Our gathering tool was designed to have a very small overhead, so it's a good idea to find a way to measure the extra load this tool introduces on the system. A large overhead would limit the usefulness of our application as its goal was to gather information about the CPU, disk and cache influencing the results ourselves as little as possible. The gathered information should represent the resource usage of the application/benchmark we are running on the virtualized environment.

The developed application has several phases:

A 'startup' phase in which the tools needed to gather the requested information are started
A 'gathering' phase in which the tools gather information and store these in buffers, this way not too much io activity is introduced. During this phase (duration specified by the user) applications/benchmarks can be executed on the virtual machines.
A 'stopping' phase in which the gathering tools are stopped and their output is being written to temporary files (unaltered).
An 'analyzation' phase during which these temporary files are parsed and the required information is extracted from them. This info is written to an overview file that contains all the CPU, disk and cache results in a formatted manner. This phase can be executed on a separate machine to avoid stressing the monitored system.

Since we want to minimalize the influence of running our tool on the results we obtain, it should be clear that we want to minimize the overhead in the 'gathering' phase. Since this phase will almost only contribute to the CPU utilization, we'll measure the overhead that is introduced regarding the CPU usage.

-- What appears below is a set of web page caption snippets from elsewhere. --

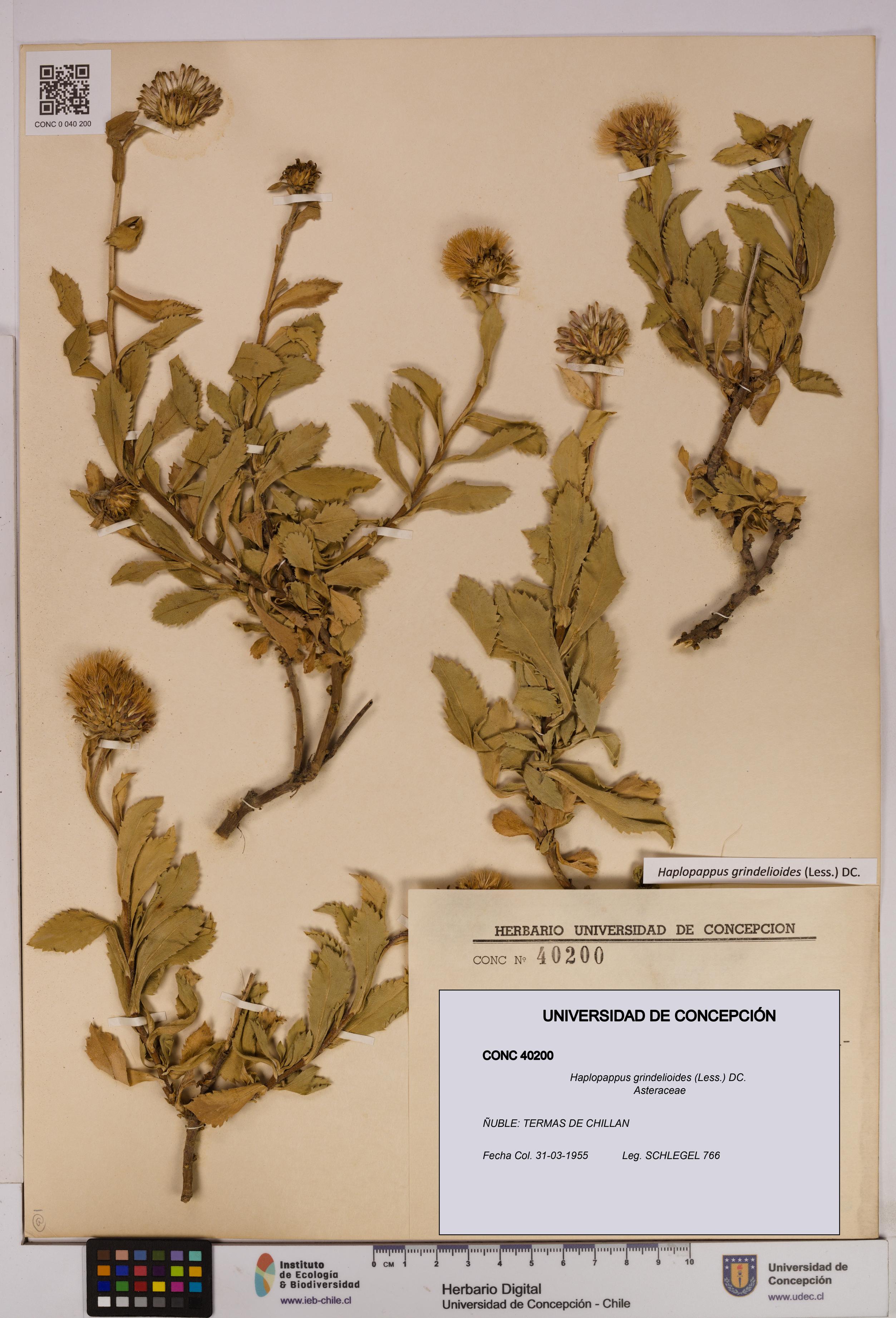Haplopappus grindelioides [Espécimen: UDEC:CONC:0040200]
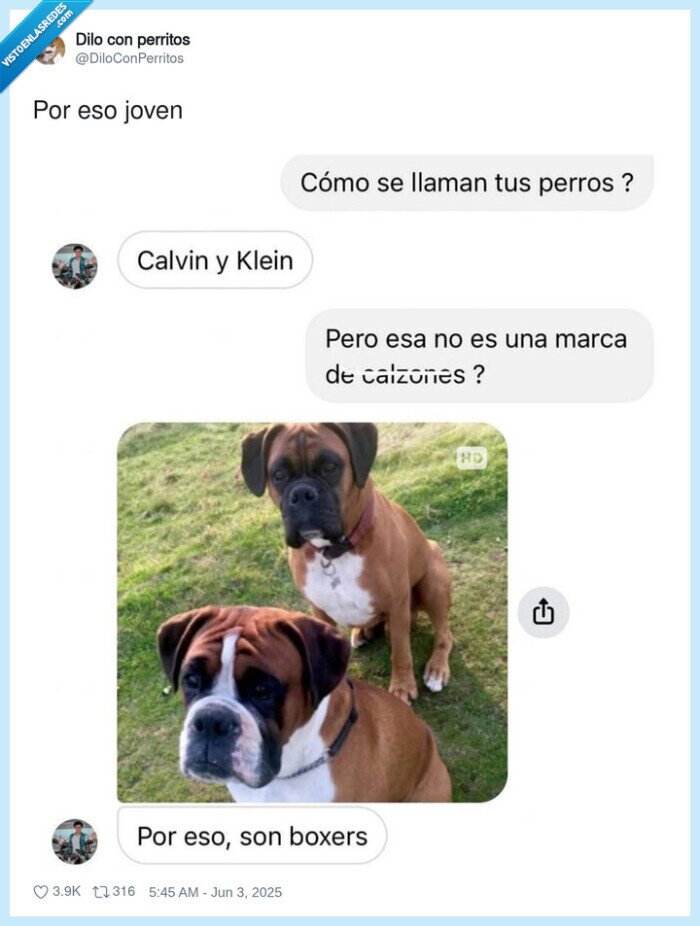 boxer,calvin,klein,calzoncillos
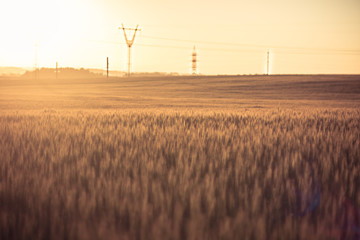 field of wheat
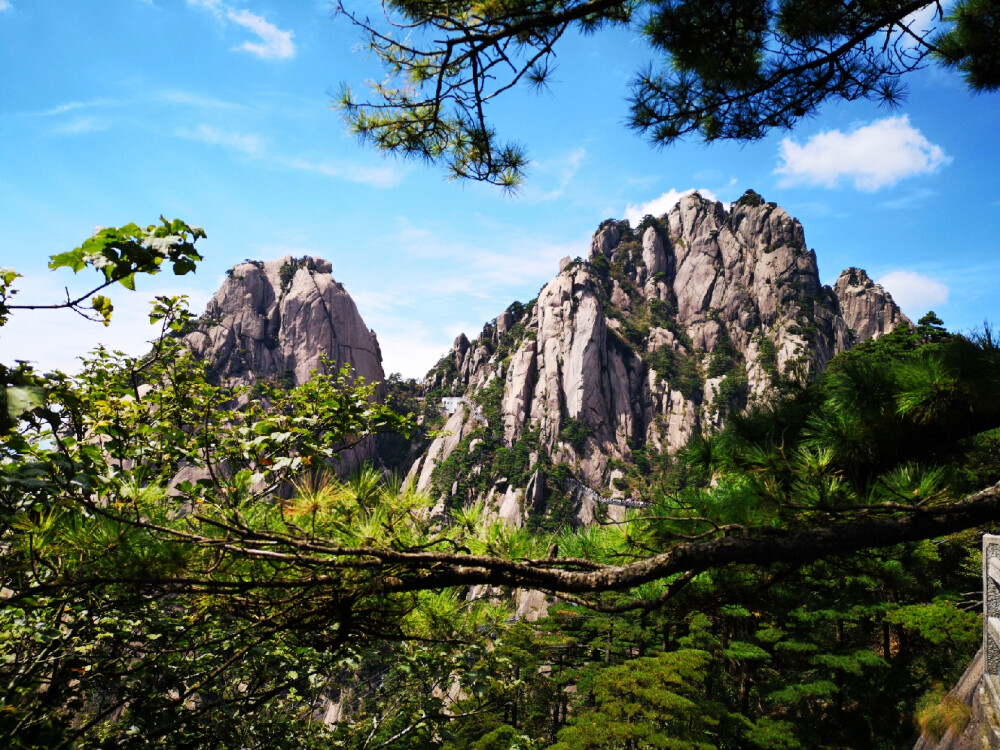 大美黄山—五岳归来不看山，黄山归来不看岳！
观黄山，天下无山，观山止矣--徐霞客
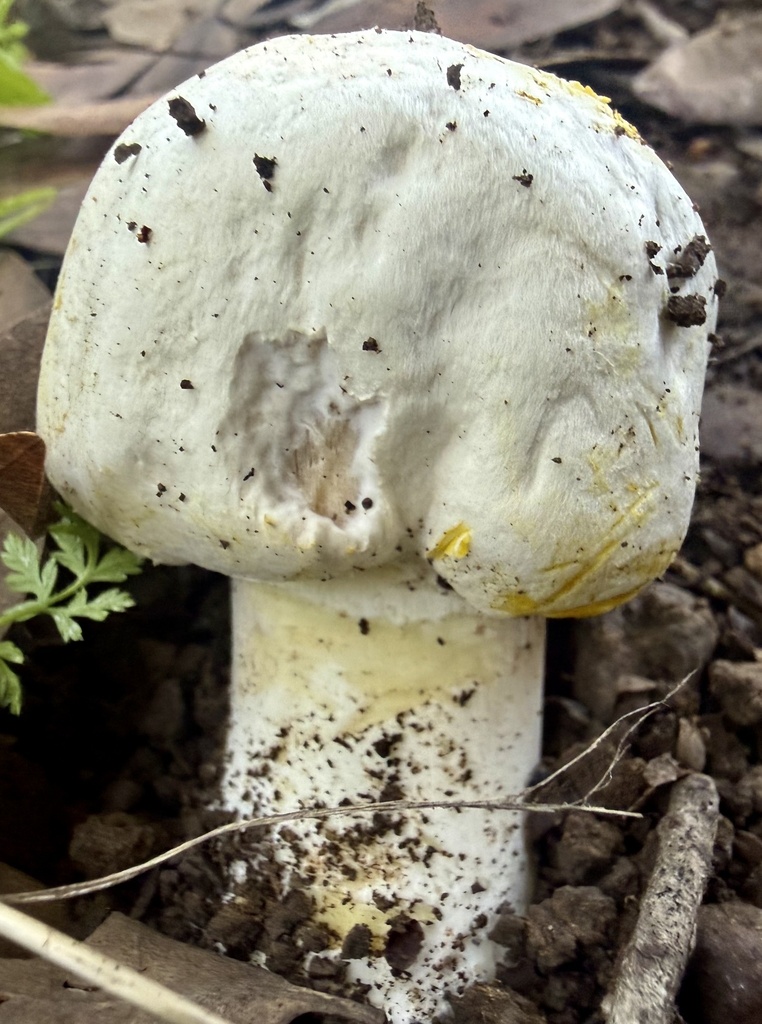Agaricus xanthodermus · February 2026 · photo: © hllrnnr (iNaturalist, cc0)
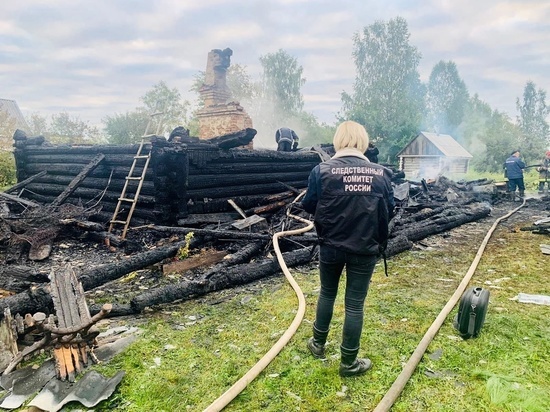 Пенсионер погиб на пожаре в Маловишерском районе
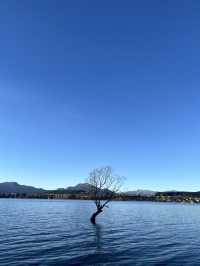 瓦納卡之樹打卡靚景🌳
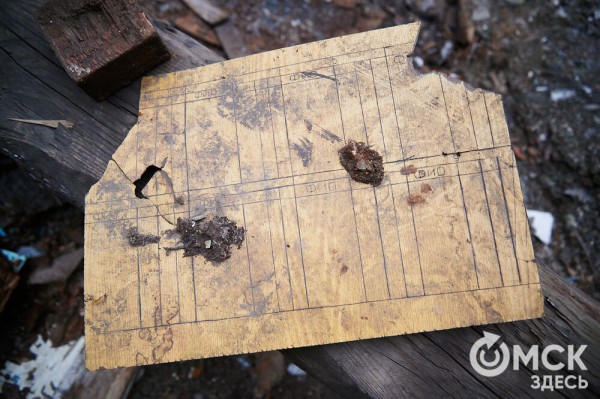 От заброшки к музею. Как омские краеведы возвращают к жизни лечебницу XIX века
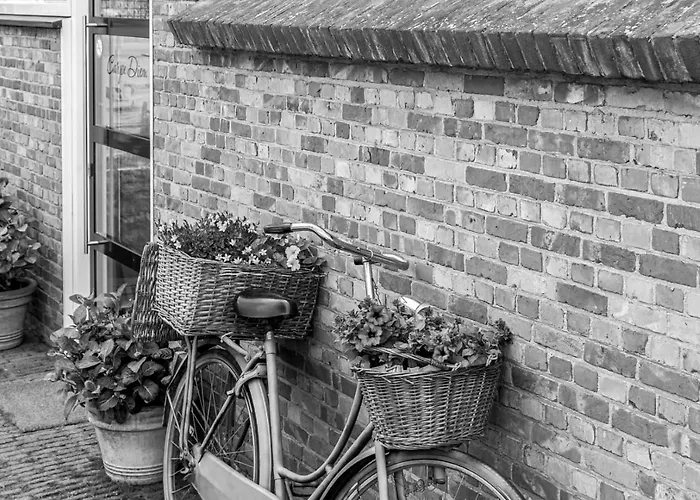 B&B Carpe Diem Hulst, Nederland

The amount of overhead that the tool introduces can be obtained by running a CPU benchmark first in an 'idle' state of the system (when our gathering tool is not running) and a second time during the 'gathering' phase of our gathering tool. This overhead is represented by the change in score that the CPU benchmark experiences (which can be expressed in a percentage). To better determine the overhead introduced by our tool we'll run the CPU benchmark several times with different loads on our system (generated using the stress tool). This is necessary because it could be that our tool only introduces overhead when certain events actually occur. The remaining challenge is to find a CPU benchmark that measures how much work the system is still able to perform in a certain amount of time. And one that does this by introducing CPU instructions that match an actual real life CPU load, instead of a purely artificial load that uses CPU cycles (since this load could be subject to a large amount of time specific system properties).

Wikipedia describes the total amount of time (t) required to execute a benchmark as N * C / f where

N is the number of instructions actually executed. The value of N can be determined exactly by using an instruction set simulator.
f is the clock frequency (in cycles per second).
C is the average cycles per instruction (CPI) for this benchmark.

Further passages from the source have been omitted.